The environmental dependence of the stellar and gas-phase mass-metallicity relation at 2 < z < 4

TL;DR

This study investigates how environment influences the stellar and gas-phase mass-metallicity relations of galaxies at redshifts 2 to 4, finding weak but notable effects in dense regions that challenge current models.

Contribution

It provides the first detailed analysis of environmental effects on metallicity relations at high redshift using deep spectroscopic data and multiple environmental criteria.

Findings

Galaxies in dense environments have lower metallicities than field galaxies.

Environmental effects are more significant in the densest overdensity structures.

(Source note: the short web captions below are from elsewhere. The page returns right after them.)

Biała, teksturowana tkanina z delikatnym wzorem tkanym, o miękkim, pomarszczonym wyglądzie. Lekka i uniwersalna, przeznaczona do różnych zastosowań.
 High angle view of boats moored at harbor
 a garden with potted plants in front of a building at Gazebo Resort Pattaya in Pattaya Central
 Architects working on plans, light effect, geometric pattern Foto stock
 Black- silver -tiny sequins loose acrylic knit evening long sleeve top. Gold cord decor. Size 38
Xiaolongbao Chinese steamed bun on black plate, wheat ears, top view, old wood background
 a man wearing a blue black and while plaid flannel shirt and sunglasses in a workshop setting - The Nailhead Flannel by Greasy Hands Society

Results challenge existing semi-analytic models and simulations that predict no such offset.

Abstract

In the local universe, galaxies in clusters show different properties compared to more isolated systems. Understanding how this difference originates and whether it is already in place at high redshift is still a matter of debate. Thanks to uniquely deep optical spectra from the VANDELS survey, we investigate environmental effects on the stellar mass-metallicity relation (MZR) for a sample of ~1000 star-forming galaxies at 2<z<4. We complement our dataset with MOSFIRE follow-up of 21 galaxies to study the environmental dependence of the gas-phase MZR. Robust stellar and gas metallicities are derived, respectively, from well-calibrated photospheric absorptions features at 1501 and 1719 \AA in the stacked spectra, and from optical emission lines ([OII]3726-3729, [OIII]5007, and Hbeta) in individual systems. We characterize the environment through multiple criteria by using the local galaxy density maps previously derived in VANDELS. We find that environmental effects are weak at these redshifts, and more important around the densest overdensity structures, where galaxies have a lower stellar Z (by 0.2 dex) and a lower gas-phase Z (by 0.1 dex) compared to the field, with a significance of 1 and 2 sigma, respectively. Crucially, this offset cannot be explained by a selection effect due to a higher SFR, a fainter UV continuum, or different dust attenuations and stellar ages. Despite the still low S/N of our results, we propose a combination of increased mergers and high-speed encounters, more efficient AGN feedback in dense cores, and cold gas inflows as viable mechanisms diluting the metal content of overdense galaxies or expelling their metals to the IGM. Finally, some tensions remain with semi-analytic models and hydrodynamical simulations, which predict no significant offset as a function of host halo mass, suggesting that an explicit implementation of environmental processes is needed.